◆ INPUT DATA:
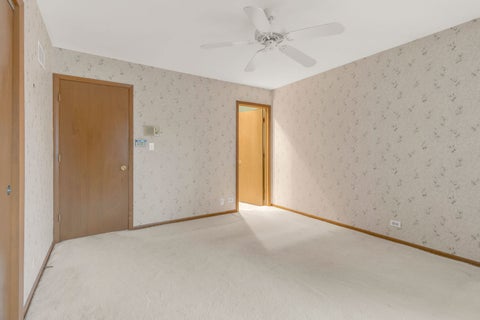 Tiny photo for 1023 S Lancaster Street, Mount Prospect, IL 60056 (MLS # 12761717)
--
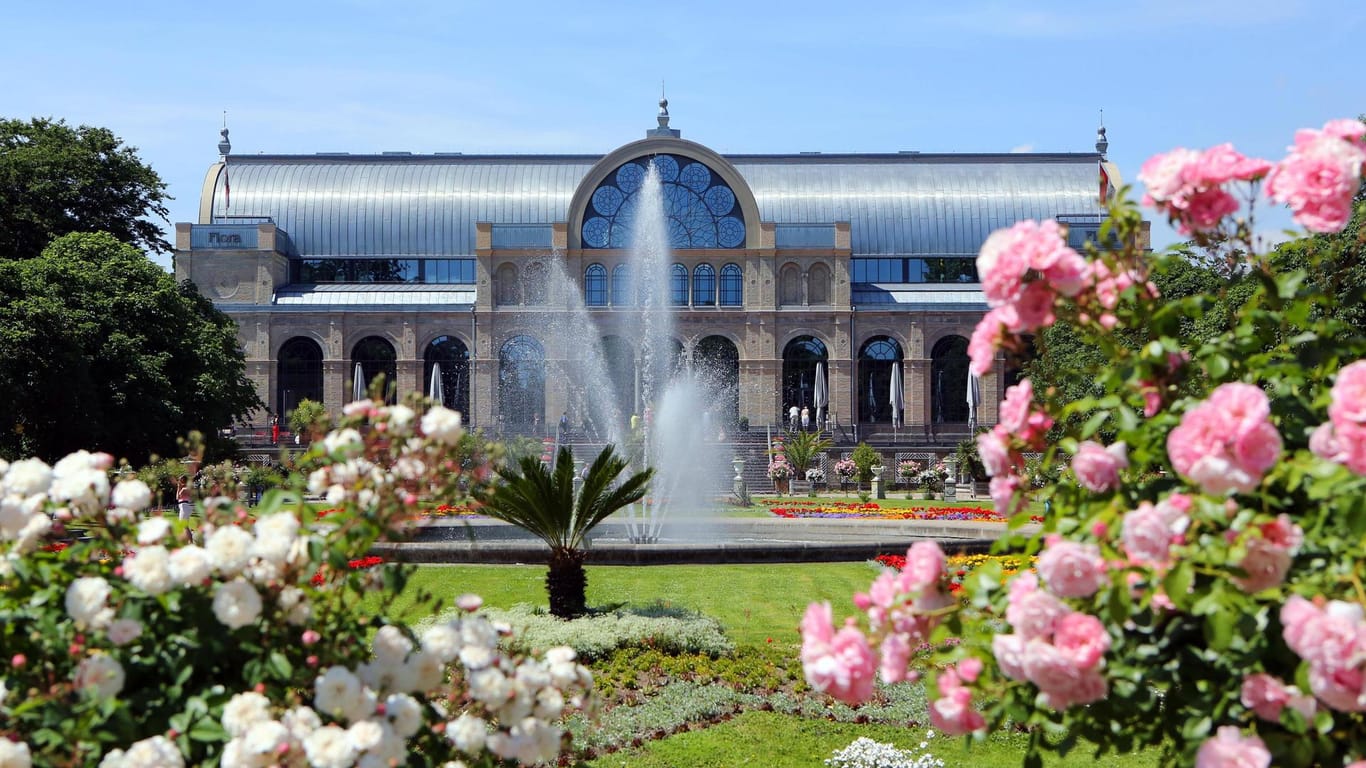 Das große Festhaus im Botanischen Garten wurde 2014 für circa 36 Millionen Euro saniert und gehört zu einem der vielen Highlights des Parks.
--
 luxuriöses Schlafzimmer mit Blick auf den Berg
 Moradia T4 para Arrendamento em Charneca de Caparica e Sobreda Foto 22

◆ TASK DIRECTIONS: Print exactly the lines of the listing above starting at the line containing "luxuriöses Schlafzimmer mit" and ending at the line containing "Moradia T4 para", both included.

◆ COMPLETED EXERCISE:
 luxuriöses Schlafzimmer mit Blick auf den Berg
 Moradia T4 para Arrendamento em Charneca de Caparica e Sobreda Foto 22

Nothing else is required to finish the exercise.